A ceux qui découvrent le World Café, imaginez-vous les ingrédients suivants :  

– un groupe partageant une problématique commune

– des sous-groupes de 4 personnes, répartis autour de petites tables 

– des questions porteuses de sens pour le groupe, dévoilées au fur et à mesure

– des tours de conversations progressifs, générant des partages d’expériences et des idées nouvelles 

– des déplacements de table en table entre chaque tour de conversation

– une synthèse collective, captée visuellement sur une fresque murale

Pour résumer, le World Café s’apparente à un processus créatif qui s’articule autour de conversations tournantes. Conçu par Juanita Brown et David Isaacs, il est né du constat suivant : les personnes ont en elles-mêmes la créativité et les ressources nécessaires pour résoudre une situation problématique, mais c’est en partageant leurs expériences et en croisant leur regard qu’elles sont capables d’en prendre conscience. La force du World Café est de pouvoir créer un focus d’attention générateur d’idées tout en préservant un cadre informel et décontracté.
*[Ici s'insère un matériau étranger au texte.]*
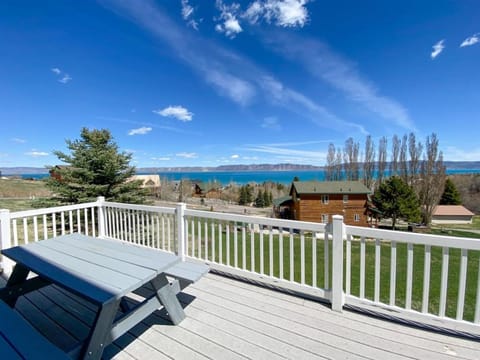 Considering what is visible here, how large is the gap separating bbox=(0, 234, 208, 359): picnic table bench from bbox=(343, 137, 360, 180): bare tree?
2925cm

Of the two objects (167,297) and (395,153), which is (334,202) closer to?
(395,153)

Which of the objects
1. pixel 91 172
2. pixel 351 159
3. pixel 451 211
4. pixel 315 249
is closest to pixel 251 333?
pixel 315 249

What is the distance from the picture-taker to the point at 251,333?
1.90 meters

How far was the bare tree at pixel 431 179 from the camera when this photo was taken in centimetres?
2144

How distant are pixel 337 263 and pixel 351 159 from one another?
1142 inches

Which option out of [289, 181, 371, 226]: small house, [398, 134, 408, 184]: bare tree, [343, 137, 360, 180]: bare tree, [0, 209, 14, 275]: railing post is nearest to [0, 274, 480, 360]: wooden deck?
[0, 209, 14, 275]: railing post

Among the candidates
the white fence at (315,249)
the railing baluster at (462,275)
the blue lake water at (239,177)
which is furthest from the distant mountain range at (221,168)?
the railing baluster at (462,275)

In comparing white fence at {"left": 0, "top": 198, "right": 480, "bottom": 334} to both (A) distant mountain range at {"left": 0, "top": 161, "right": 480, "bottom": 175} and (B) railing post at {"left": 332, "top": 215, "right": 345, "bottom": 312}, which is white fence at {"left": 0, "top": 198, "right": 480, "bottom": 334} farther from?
(A) distant mountain range at {"left": 0, "top": 161, "right": 480, "bottom": 175}

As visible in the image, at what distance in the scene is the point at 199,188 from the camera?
3809 centimetres

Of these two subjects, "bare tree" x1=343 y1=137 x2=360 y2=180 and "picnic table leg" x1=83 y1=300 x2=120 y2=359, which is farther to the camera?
"bare tree" x1=343 y1=137 x2=360 y2=180

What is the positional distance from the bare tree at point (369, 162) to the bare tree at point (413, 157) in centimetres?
380

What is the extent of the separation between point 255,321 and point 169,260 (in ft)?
3.43

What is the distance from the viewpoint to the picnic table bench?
1308mm

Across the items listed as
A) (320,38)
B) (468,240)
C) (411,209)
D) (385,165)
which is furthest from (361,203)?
(468,240) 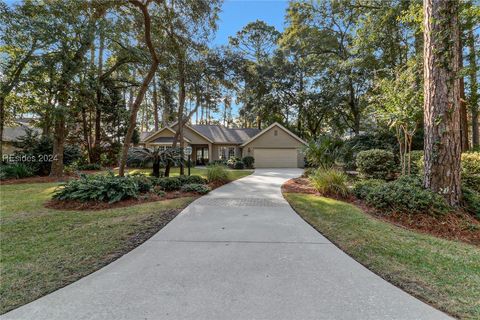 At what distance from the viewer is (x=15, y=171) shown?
39.3 ft

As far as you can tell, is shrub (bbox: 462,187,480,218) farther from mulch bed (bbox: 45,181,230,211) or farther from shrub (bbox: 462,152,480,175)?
mulch bed (bbox: 45,181,230,211)

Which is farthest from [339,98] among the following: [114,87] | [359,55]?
[114,87]

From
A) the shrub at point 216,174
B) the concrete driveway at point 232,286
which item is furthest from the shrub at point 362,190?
the shrub at point 216,174

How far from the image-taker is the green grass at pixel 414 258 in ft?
8.50

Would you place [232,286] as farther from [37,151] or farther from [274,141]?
[274,141]

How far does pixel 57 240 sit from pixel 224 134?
22.8 meters

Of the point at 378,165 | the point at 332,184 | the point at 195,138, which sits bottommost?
the point at 332,184

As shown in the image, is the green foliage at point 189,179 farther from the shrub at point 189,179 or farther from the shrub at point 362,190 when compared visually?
the shrub at point 362,190

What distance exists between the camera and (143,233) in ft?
14.9

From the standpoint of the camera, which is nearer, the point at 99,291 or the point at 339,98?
the point at 99,291

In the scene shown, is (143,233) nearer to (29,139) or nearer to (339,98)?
(29,139)

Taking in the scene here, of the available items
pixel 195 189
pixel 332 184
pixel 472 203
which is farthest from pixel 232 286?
pixel 472 203

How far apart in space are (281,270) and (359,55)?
Answer: 18.5m

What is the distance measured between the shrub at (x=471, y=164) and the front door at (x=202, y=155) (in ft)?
68.0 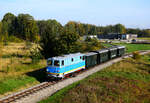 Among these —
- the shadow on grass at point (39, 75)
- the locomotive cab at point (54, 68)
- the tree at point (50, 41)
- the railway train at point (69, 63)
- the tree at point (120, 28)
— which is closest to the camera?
the locomotive cab at point (54, 68)

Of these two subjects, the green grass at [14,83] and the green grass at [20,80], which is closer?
the green grass at [14,83]

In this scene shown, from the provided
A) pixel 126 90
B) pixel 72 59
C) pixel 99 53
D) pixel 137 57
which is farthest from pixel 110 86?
pixel 137 57

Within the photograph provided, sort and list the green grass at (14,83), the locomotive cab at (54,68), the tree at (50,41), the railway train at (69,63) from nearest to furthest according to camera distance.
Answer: the green grass at (14,83) < the locomotive cab at (54,68) < the railway train at (69,63) < the tree at (50,41)

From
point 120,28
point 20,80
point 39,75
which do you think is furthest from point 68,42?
point 120,28

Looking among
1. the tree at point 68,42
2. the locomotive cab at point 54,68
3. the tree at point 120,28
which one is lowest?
the locomotive cab at point 54,68

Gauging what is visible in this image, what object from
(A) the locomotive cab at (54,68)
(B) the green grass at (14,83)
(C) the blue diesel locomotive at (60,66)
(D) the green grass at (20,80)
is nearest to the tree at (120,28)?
(D) the green grass at (20,80)

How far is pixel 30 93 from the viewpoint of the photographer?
56.2 feet

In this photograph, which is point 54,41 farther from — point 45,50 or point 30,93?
point 30,93

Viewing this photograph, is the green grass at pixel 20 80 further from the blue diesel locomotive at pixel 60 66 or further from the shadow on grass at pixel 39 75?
the blue diesel locomotive at pixel 60 66

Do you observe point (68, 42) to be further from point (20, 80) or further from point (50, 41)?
point (20, 80)

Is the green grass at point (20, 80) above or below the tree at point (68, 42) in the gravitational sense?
below

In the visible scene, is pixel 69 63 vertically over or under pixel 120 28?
under

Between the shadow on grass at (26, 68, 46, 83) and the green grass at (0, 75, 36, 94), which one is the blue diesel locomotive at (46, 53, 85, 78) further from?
the green grass at (0, 75, 36, 94)

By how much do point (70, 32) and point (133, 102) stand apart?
70.1 ft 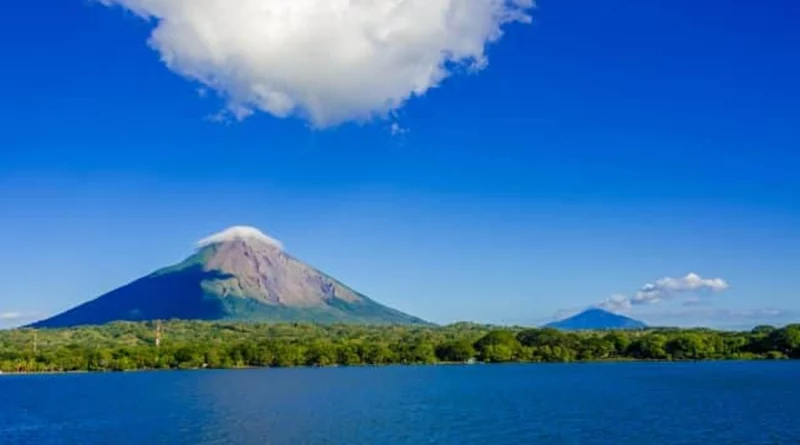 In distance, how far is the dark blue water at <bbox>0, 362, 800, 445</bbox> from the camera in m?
43.4

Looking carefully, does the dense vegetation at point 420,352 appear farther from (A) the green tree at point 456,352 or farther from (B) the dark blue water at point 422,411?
(B) the dark blue water at point 422,411

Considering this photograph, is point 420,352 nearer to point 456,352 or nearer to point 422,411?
point 456,352

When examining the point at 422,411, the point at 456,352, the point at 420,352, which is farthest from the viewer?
the point at 420,352

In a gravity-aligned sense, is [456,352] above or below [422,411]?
above

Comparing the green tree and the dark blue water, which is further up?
the green tree

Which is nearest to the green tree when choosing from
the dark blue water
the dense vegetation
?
the dense vegetation

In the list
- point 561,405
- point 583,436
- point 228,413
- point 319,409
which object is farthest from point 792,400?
point 228,413

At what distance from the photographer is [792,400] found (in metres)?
59.3

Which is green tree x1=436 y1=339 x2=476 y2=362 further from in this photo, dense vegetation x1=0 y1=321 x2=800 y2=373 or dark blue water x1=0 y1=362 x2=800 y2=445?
dark blue water x1=0 y1=362 x2=800 y2=445

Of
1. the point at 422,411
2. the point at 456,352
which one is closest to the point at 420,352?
the point at 456,352

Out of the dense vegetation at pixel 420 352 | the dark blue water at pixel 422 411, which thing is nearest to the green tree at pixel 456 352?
the dense vegetation at pixel 420 352

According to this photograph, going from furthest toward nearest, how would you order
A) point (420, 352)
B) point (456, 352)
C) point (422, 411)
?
point (420, 352), point (456, 352), point (422, 411)

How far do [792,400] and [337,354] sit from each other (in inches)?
3289

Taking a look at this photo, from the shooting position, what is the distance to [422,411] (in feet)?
183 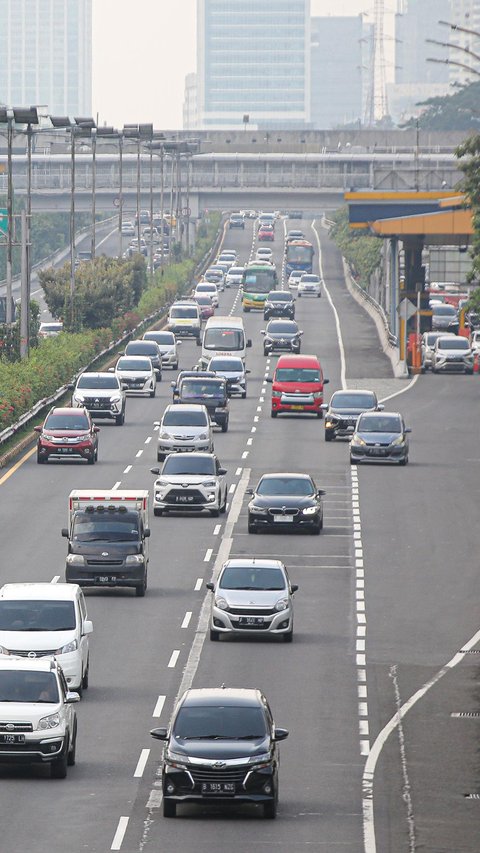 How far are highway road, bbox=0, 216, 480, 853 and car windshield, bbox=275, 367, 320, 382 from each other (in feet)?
16.2

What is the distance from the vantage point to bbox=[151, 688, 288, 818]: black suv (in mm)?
24359

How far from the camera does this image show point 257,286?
13525 centimetres

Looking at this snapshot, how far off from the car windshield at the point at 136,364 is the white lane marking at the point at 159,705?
5182 centimetres

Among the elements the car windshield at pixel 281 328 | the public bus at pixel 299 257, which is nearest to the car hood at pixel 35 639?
the car windshield at pixel 281 328

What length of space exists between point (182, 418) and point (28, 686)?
36794 mm

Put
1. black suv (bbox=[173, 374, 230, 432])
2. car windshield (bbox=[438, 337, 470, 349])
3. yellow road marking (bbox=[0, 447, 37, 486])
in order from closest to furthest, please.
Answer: yellow road marking (bbox=[0, 447, 37, 486]), black suv (bbox=[173, 374, 230, 432]), car windshield (bbox=[438, 337, 470, 349])

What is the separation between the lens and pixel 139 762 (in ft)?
92.3

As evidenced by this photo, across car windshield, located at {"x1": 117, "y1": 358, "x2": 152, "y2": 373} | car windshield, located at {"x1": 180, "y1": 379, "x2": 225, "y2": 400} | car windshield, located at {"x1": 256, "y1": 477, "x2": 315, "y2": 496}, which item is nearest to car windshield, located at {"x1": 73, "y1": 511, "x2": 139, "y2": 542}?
car windshield, located at {"x1": 256, "y1": 477, "x2": 315, "y2": 496}

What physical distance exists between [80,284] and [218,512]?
164ft

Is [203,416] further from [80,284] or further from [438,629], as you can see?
[80,284]

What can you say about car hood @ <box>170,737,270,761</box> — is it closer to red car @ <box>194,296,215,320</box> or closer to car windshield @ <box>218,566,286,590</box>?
car windshield @ <box>218,566,286,590</box>

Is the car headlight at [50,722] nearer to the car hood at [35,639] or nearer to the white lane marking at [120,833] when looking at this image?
the white lane marking at [120,833]

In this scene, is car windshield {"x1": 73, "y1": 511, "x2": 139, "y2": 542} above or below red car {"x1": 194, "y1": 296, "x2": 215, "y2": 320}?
above

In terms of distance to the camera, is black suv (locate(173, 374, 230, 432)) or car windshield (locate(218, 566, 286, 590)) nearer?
car windshield (locate(218, 566, 286, 590)) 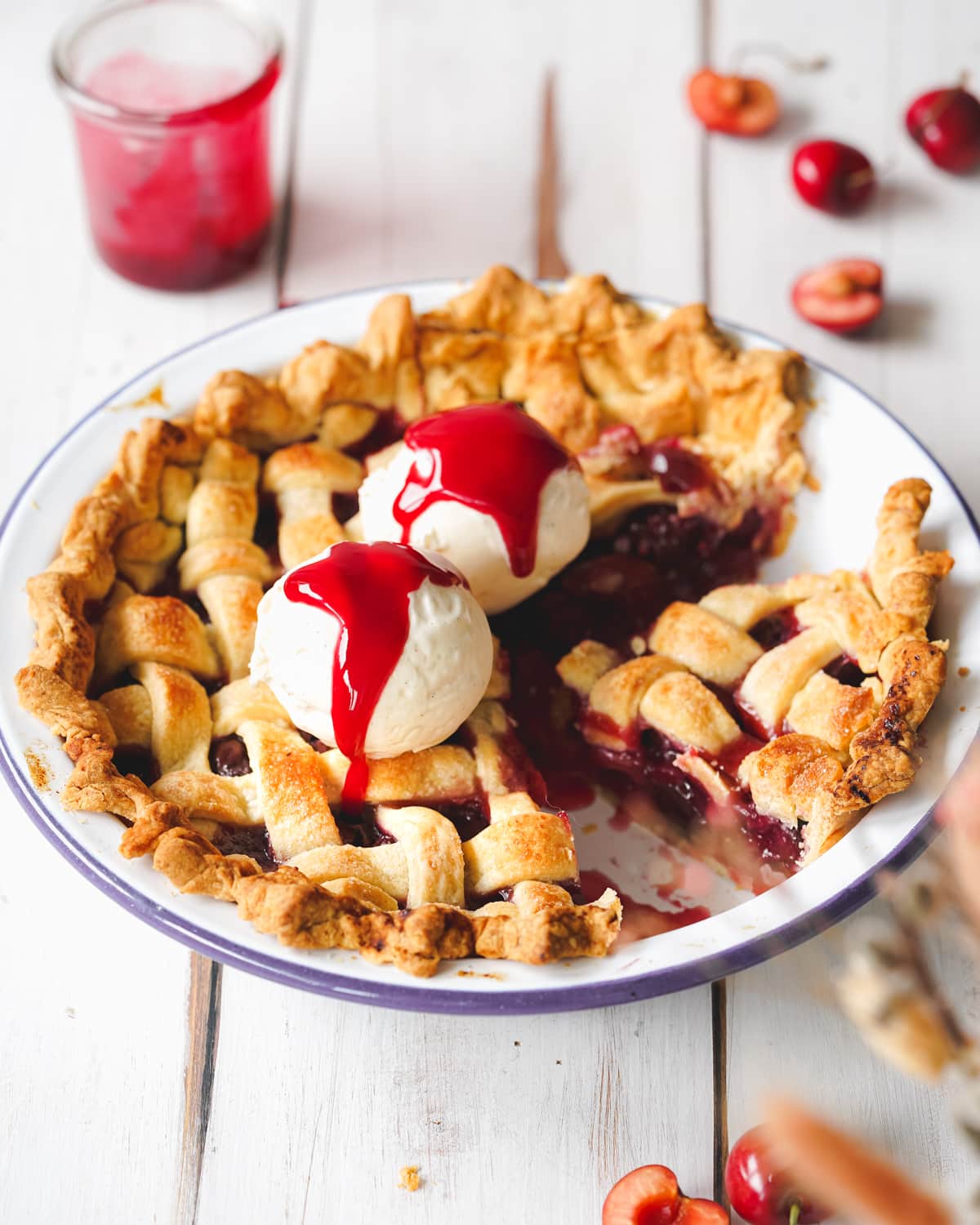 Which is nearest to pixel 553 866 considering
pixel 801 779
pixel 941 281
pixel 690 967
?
pixel 690 967

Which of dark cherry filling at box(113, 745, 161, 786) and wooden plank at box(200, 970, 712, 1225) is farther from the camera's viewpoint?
dark cherry filling at box(113, 745, 161, 786)

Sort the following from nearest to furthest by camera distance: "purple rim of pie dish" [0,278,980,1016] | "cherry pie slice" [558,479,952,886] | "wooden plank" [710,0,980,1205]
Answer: "purple rim of pie dish" [0,278,980,1016], "cherry pie slice" [558,479,952,886], "wooden plank" [710,0,980,1205]

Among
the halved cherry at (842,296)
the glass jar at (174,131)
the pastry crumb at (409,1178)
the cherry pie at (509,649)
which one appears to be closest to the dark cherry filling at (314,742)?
the cherry pie at (509,649)

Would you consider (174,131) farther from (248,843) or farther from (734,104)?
(248,843)

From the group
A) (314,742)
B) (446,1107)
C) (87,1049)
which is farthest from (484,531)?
(87,1049)

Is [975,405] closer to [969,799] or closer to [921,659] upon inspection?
[921,659]

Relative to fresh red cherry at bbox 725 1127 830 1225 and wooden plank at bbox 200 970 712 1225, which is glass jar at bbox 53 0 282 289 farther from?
fresh red cherry at bbox 725 1127 830 1225

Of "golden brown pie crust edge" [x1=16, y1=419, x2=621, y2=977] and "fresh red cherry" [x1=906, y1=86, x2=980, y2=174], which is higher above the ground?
"fresh red cherry" [x1=906, y1=86, x2=980, y2=174]

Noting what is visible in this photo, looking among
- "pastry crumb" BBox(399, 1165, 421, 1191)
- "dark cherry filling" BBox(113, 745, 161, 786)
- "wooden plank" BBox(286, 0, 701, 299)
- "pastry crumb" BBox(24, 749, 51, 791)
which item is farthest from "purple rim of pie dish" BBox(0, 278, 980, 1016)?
"wooden plank" BBox(286, 0, 701, 299)

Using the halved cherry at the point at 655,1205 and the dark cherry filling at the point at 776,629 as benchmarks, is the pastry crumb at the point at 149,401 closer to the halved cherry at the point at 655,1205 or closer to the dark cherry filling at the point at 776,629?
the dark cherry filling at the point at 776,629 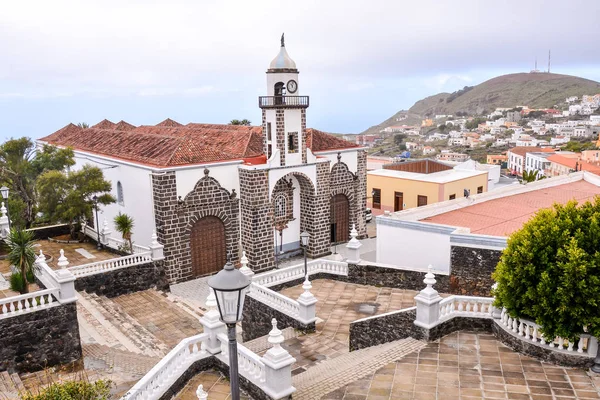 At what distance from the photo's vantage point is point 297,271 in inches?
650

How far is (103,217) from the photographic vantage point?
87.0 feet

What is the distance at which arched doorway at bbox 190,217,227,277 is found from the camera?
73.3 ft

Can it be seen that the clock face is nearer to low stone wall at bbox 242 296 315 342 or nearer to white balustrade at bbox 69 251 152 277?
white balustrade at bbox 69 251 152 277

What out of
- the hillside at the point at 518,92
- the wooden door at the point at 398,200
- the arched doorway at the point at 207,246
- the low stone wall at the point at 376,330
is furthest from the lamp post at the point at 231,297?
the hillside at the point at 518,92

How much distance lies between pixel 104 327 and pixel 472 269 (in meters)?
11.9

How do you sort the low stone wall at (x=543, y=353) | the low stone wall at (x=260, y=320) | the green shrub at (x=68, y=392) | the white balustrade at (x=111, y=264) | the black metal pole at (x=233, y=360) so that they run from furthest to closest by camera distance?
the white balustrade at (x=111, y=264) < the low stone wall at (x=260, y=320) < the low stone wall at (x=543, y=353) < the green shrub at (x=68, y=392) < the black metal pole at (x=233, y=360)

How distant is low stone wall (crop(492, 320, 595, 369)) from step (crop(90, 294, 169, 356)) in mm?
9596

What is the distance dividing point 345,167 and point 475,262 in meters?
12.7

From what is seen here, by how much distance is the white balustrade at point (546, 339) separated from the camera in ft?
31.3

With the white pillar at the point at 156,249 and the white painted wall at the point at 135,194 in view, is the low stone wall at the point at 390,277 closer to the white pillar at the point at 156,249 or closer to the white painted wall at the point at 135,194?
the white pillar at the point at 156,249

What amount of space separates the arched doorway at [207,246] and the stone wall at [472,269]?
1143 cm

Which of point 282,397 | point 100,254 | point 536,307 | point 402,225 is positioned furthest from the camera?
point 100,254

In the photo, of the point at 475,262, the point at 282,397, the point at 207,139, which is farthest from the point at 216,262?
the point at 282,397

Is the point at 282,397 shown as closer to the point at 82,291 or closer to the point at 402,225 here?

La puissance créatrice d’une conversation

 J’avais déjà participé à plusieurs World Café et facilité visuellement quelques-uns. Mais depuis que j’ai vécu la formation au World Café avec les autres stagiaires d’Iris, j’ai décrypté le processus de l’intérieur, en profondeur. Cette phrase d’Adam Kahane résonne en moi : « pour changer le monde, il faut commencer par changer la façon dont on parle et on écoute ».

J’ai ressenti, de manière très claire, la puissance créatrice d’une conversation. Certes, des conversations, nous en avons tous les jours. Mais combien sont celles qui nous restent en mémoire ? Lesquelles nous ont transformé de l’intérieur ? Comment en soigner la qualité pour les laisser nous surprendre et nous enrichir ? Au cours de cette formation, nous nous sommes donc attachés à décrypter et comprendre les processus qui rendent une conversation si passionnante, fondatrice, constructive et aussi… agréable. Voici, à ce sujet, 3 clés qui m’ont marquée.

Soigner le cadre 

Une conversation ne se décrète pas, elle émerge. Plus l’ambiance dans laquelle elle prend place est agréable et décontractée, plus la conversation pourra se déployer. Un cadre trop codifié ou rigide peut anéantir tout effort de dialogue – par exemple, si les personnes sentent d’emblée qu’elles ne sont pas autorisées à s’exprimer librement, ou que leur parole n’a pas de valeur ou n’est pas écoutée.

Proposer un cadre à la fois sécurisant et souple, c’est la tâche des facilitateurs en intelligence collective, qui accordent une importance particulière aux aspects logistiques (taille de la salle, acoustique, décoration, matériel à disposition, fond sonore…)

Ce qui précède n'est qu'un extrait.